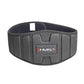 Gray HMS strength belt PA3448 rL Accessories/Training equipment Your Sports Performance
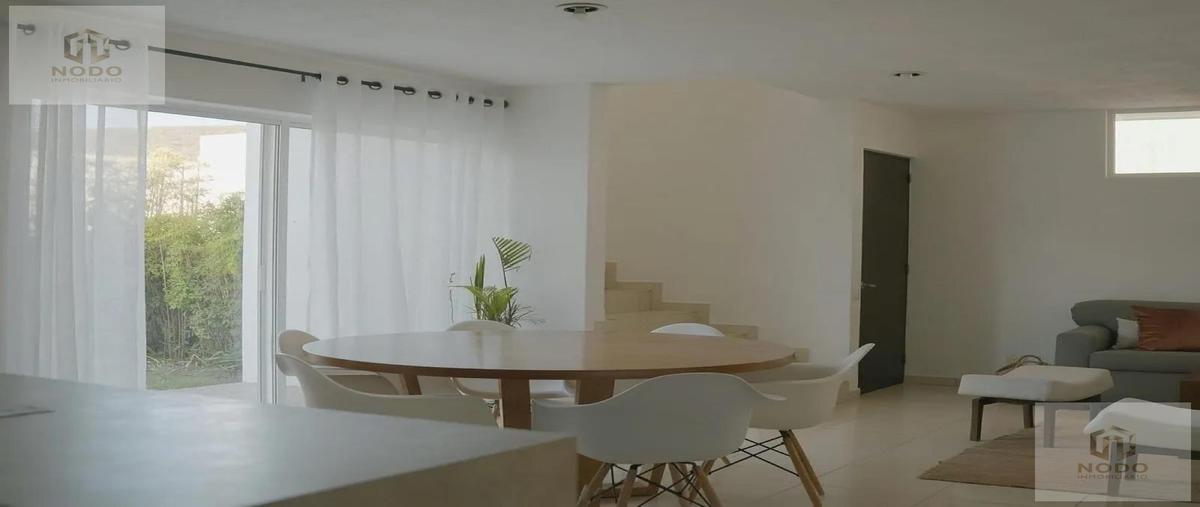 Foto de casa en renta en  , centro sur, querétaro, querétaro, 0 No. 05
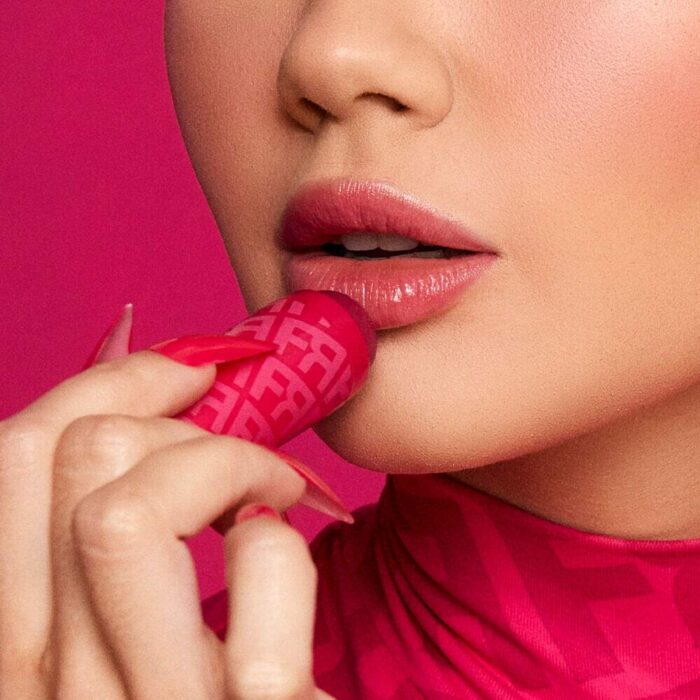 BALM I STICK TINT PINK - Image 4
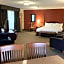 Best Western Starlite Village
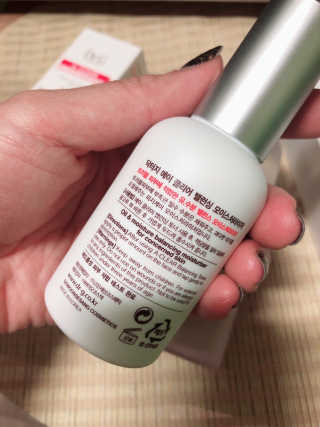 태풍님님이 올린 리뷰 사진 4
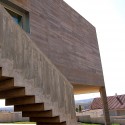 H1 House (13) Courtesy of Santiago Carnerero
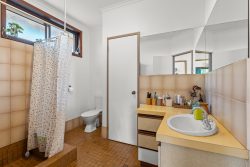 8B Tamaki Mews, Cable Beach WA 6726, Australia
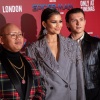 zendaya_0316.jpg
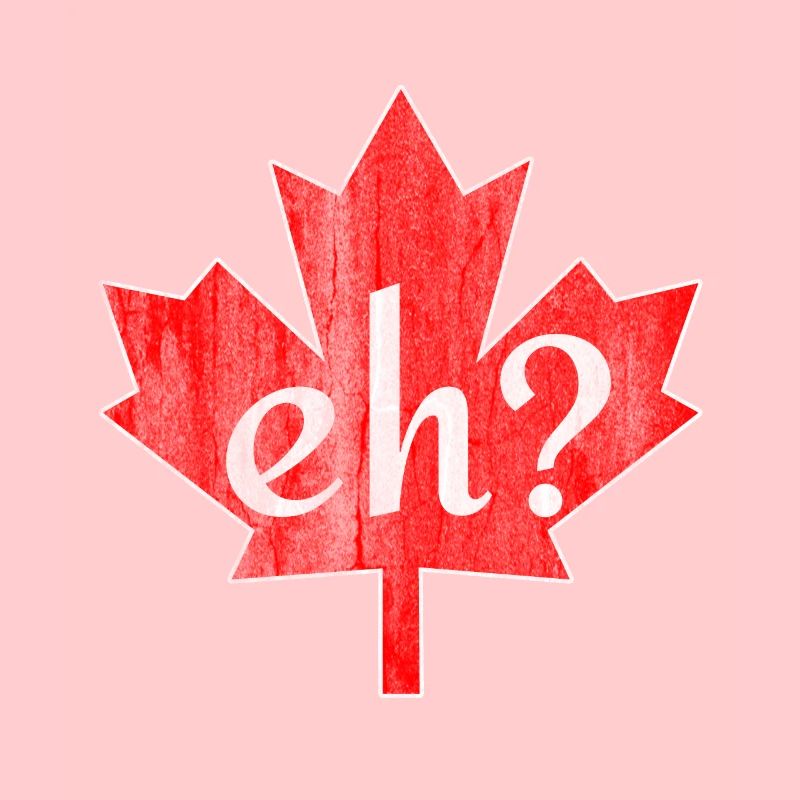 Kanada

• Task brief: The expected result is the data above in exact form, free of pictures.

• Exercise answer:
 Gray HMS strength belt PA3448 rL Accessories/Training equipment Your Sports Performance
 Foto de casa en renta en  , centro sur, querétaro, querétaro, 0 No. 05
 BALM I STICK TINT PINK - Image 4
 Best Western Starlite Village
 태풍님님이 올린 리뷰 사진 4
 H1 House (13) Courtesy of Santiago Carnerero
 8B Tamaki Mews, Cable Beach WA 6726, Australia
 zendaya_0316.jpg
 Kanada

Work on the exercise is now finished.